The Big Data Report also points to research that has shown how big data could potentially be used in the future to disadvantage underserved communities and adversely affect consumers on the basis of legally protected characteristics. To be sure, the potential risks of data mining are not new, but inherent in any statistical analysis. To maximize the benefits and limit the harms, the Report suggests companies should consider the following questions raised by researchers as big data use increases:
- How representative is your data set? The agency advises that it is important to consider the digital divide and other issues of under-representation and over-representation in data inputs before launching a product or service to avoid skewed results.
- Does your data model account for biases? Companies should consider whether biases are being incorporated at both the collection and analytics stages of big data’s life cycle, and develop strategies to overcome any unintended impact on certain populations.

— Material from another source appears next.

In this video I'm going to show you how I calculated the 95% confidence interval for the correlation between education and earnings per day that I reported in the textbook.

- How accurate are your predictions? The Report advises that human oversight of data and algorithms may be worthwhile when big data tools are used to make important decisions, such as those implicating health, credit, and employment.
- Does your reliance on big data raise ethical or fairness concerns? The Report states that companies should assess the factors that go into an analytics model and balance the predictive value of the model with fairness considerations.

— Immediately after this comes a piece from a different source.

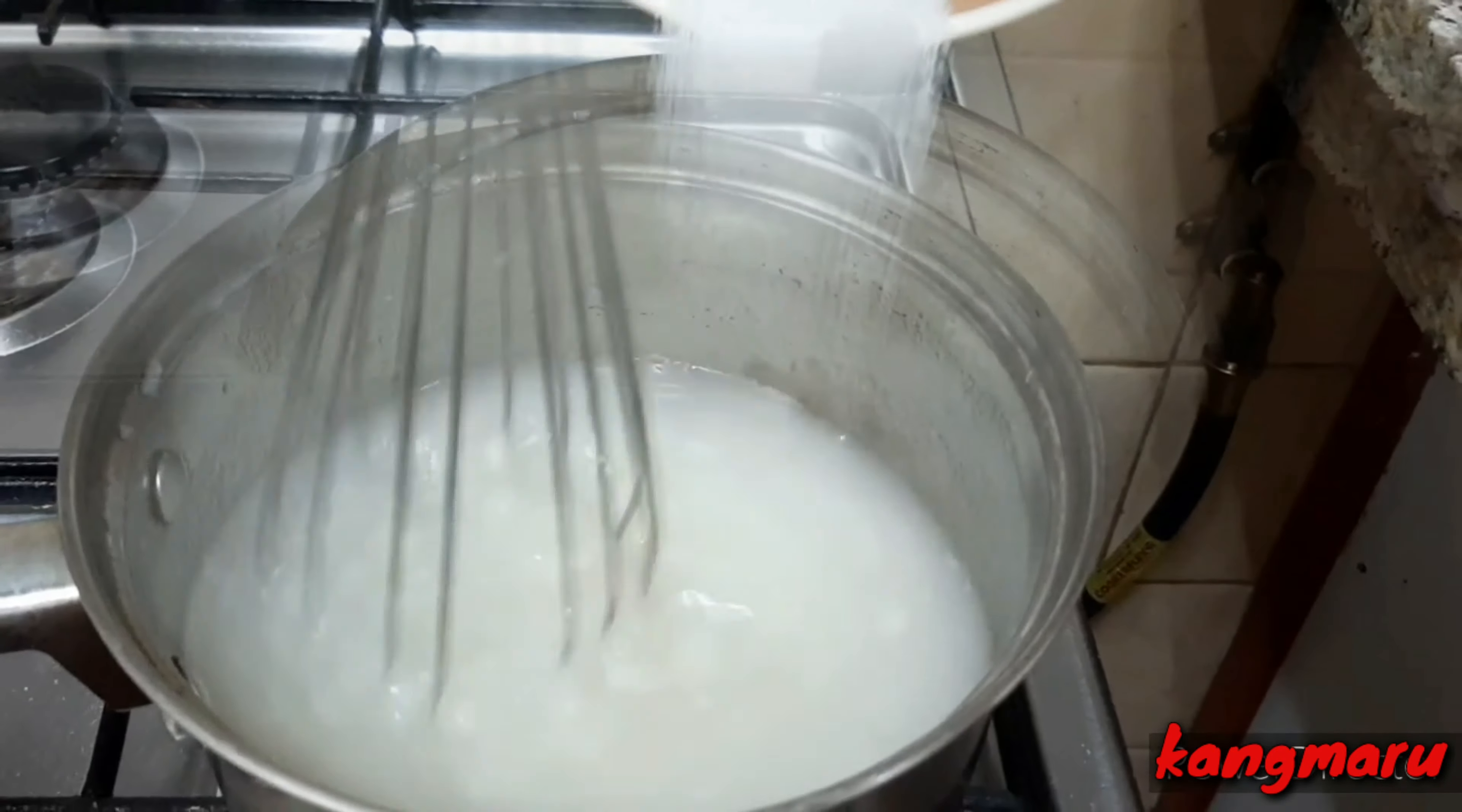Yun yung na-blend natin na garlic, ginger, and onions. Tapos i-mix natin yung ating mixture of flour and sugar. And then i-butang ang radish cut into strips, like french fries.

With the issuance of its Big Data Report (and last year’s Data Broker Report), the FTC has signaled it will actively monitor areas where data collection and big data analytics could violate existing laws and will push for public-private cooperation to ensure the benefits of big data are maximized, the risks minimized. The Big Data Report is an important document for companies that provide big data analytic services or purchase such services for use in analyzing consumer behavior or aid in consumer eligibility decisions. It remains to be seen how the FTC’s policy statement will be received by industry (or subsequently reviewed by the courts), particularly the FTC’s assertion that certain uses of anonymized consumer data might implicate the FCRA. We have previously discussed the use of anonymized data for marketing and other purposes with respect to the Video Privacy Protection Act, and will continue to follow developments in this area closely to see how emerging practices mesh with privacy laws and regulations.